▶ Task input:
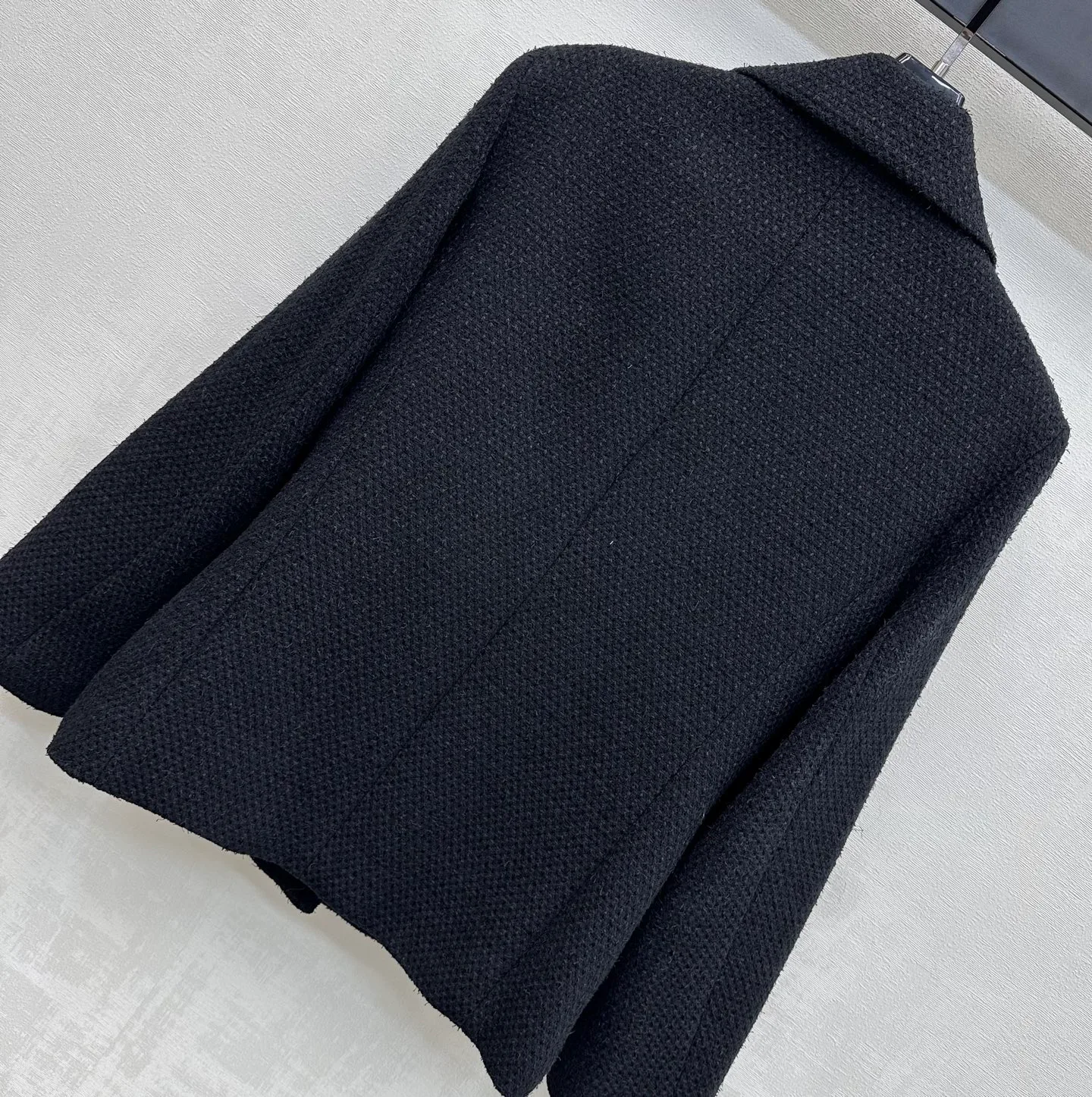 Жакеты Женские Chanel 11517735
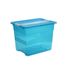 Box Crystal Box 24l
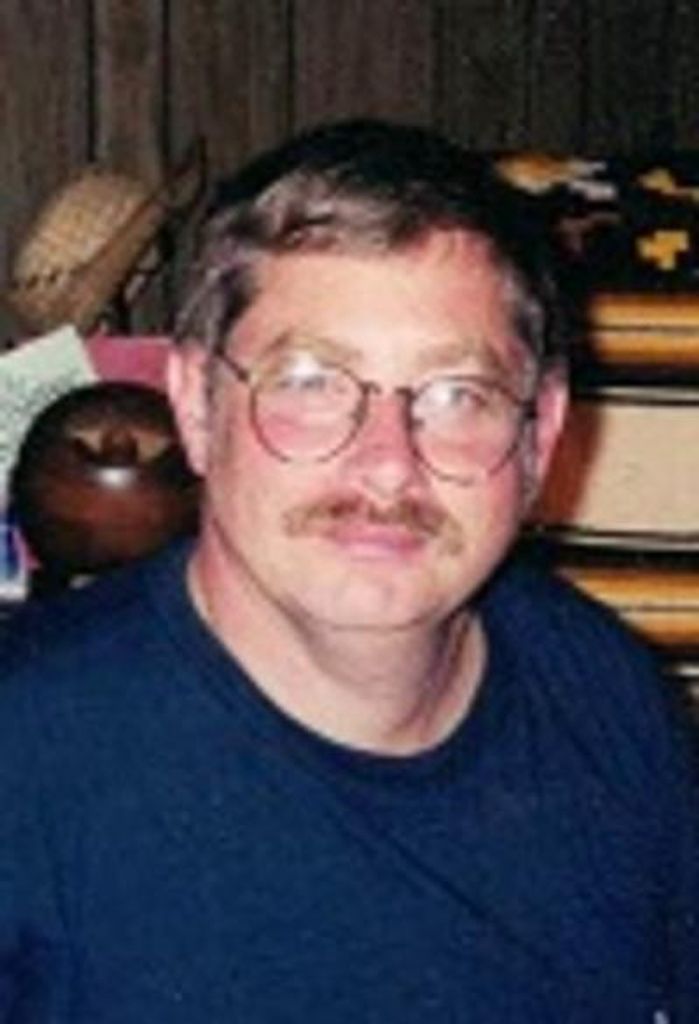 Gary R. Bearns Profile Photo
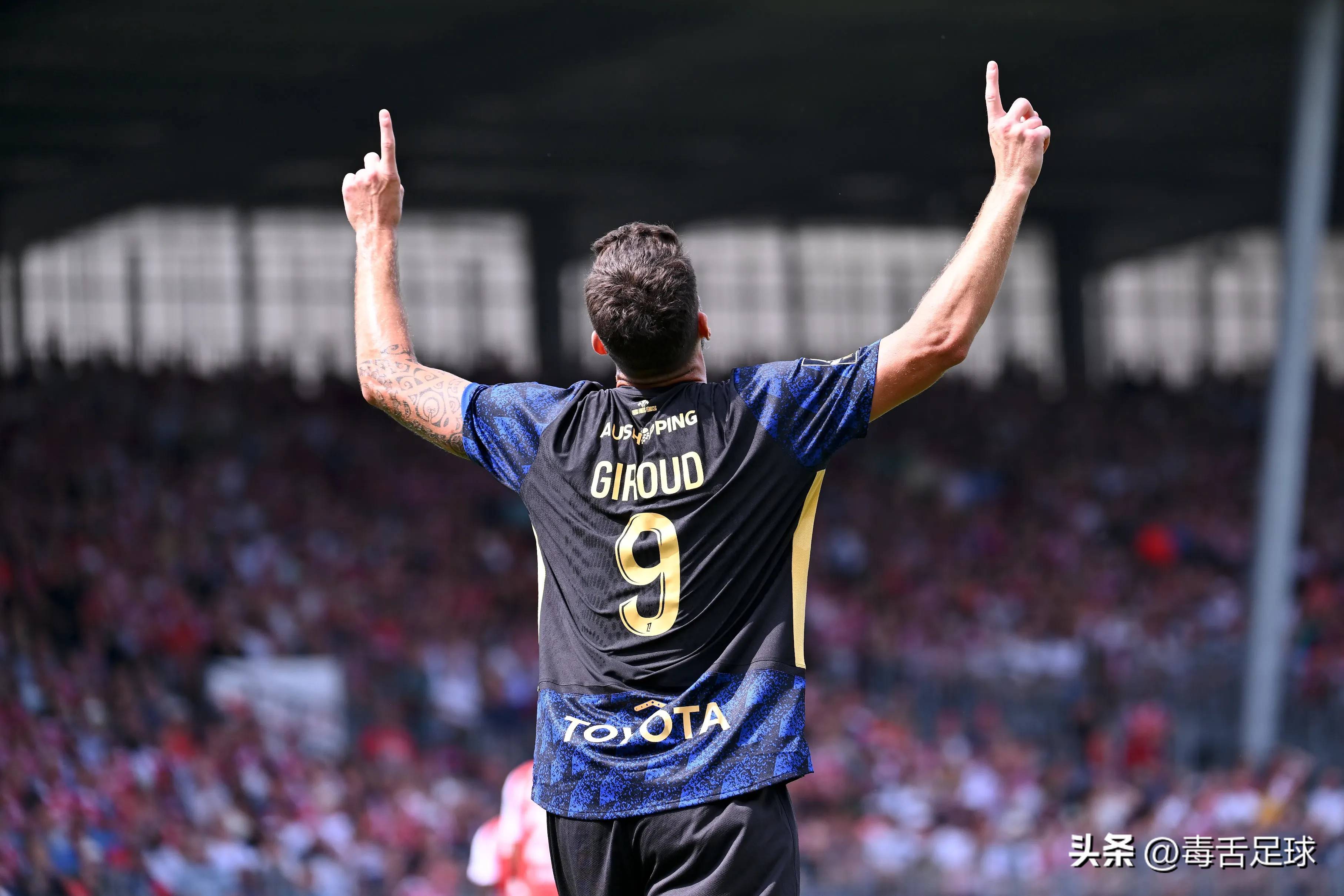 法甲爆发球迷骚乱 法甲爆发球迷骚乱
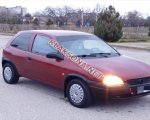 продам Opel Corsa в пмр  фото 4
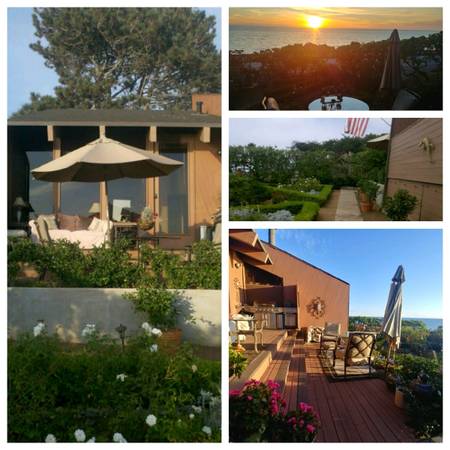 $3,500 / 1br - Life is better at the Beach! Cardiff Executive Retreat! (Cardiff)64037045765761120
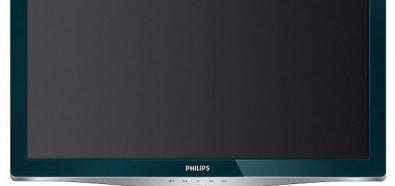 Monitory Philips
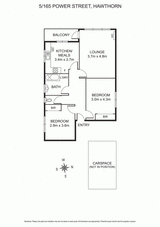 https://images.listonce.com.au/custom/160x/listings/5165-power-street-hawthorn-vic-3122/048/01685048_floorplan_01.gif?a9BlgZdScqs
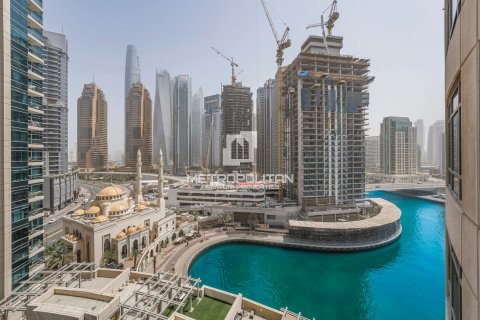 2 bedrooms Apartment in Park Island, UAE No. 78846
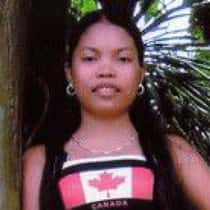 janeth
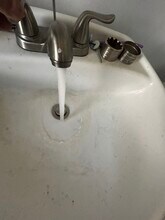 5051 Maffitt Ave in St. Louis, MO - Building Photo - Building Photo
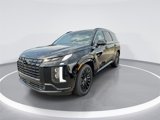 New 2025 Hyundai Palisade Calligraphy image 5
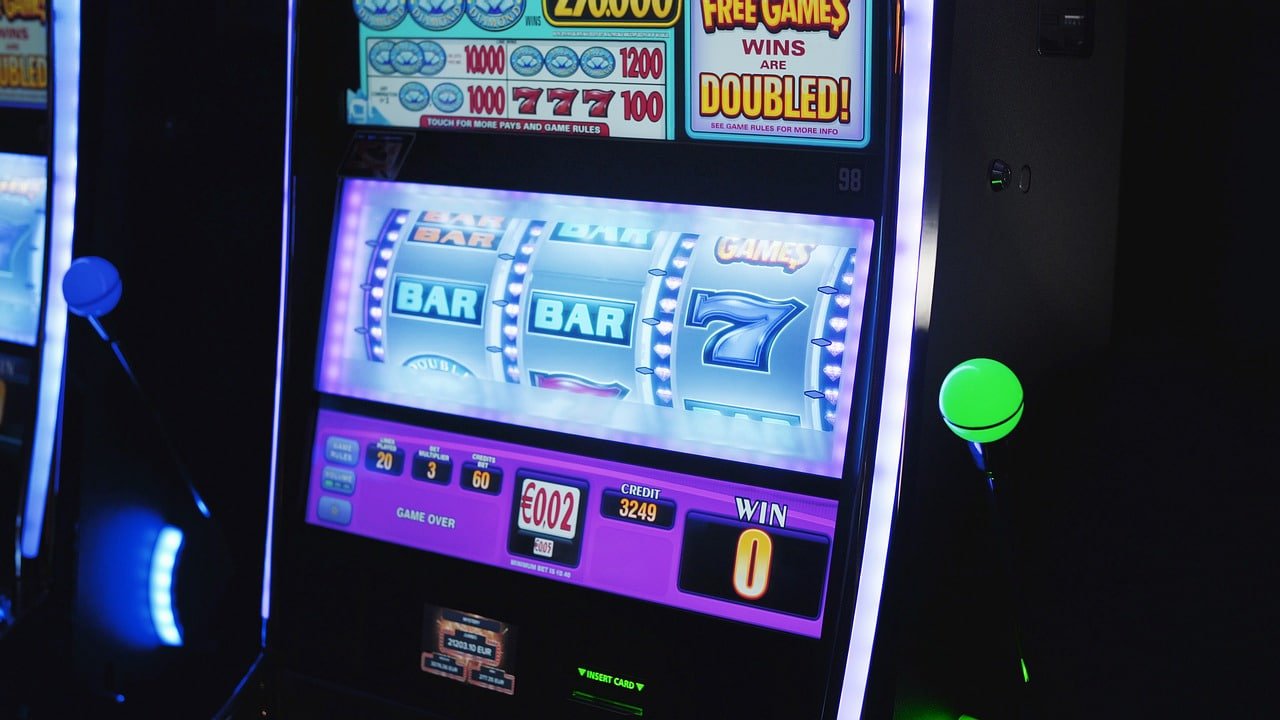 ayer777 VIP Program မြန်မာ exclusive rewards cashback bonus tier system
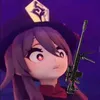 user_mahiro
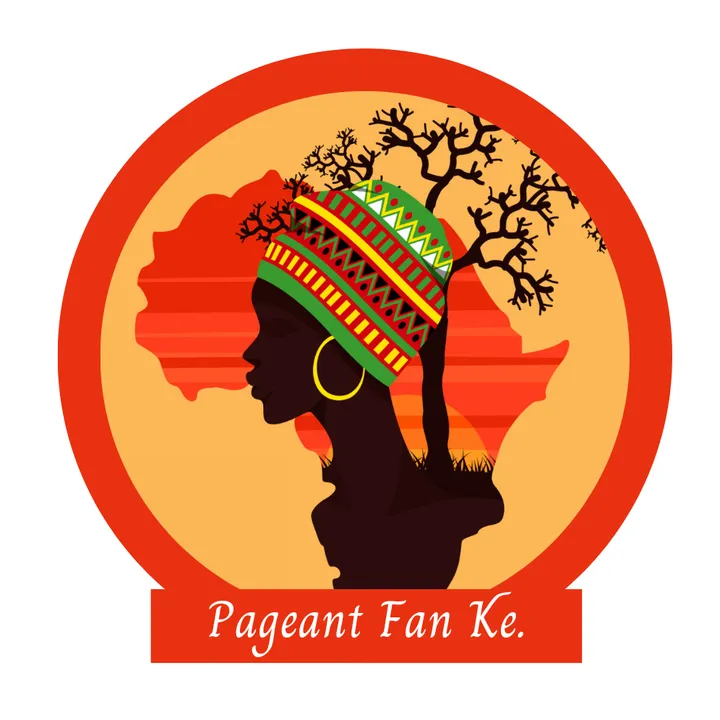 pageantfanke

▶ What the task requires: An exact copy of the listing is required; return it without any pictures.

▶ Answer:
 Жакеты Женские Chanel 11517735
 Box Crystal Box 24l
 Gary R. Bearns Profile Photo
 法甲爆发球迷骚乱 法甲爆发球迷骚乱
 продам Opel Corsa в пмр  фото 4
 $3,500 / 1br - Life is better at the Beach! Cardiff Executive Retreat! (Cardiff)64037045765761120
 Monitory Philips
 https://images.listonce.com.au/custom/160x/listings/5165-power-street-hawthorn-vic-3122/048/01685048_floorplan_01.gif?a9BlgZdScqs
 2 bedrooms Apartment in Park Island, UAE No. 78846
 janeth
 5051 Maffitt Ave in St. Louis, MO - Building Photo - Building Photo
 New 2025 Hyundai Palisade Calligraphy image 5
 ayer777 VIP Program မြန်မာ exclusive rewards cashback bonus tier system
 user_mahiro
 pageantfanke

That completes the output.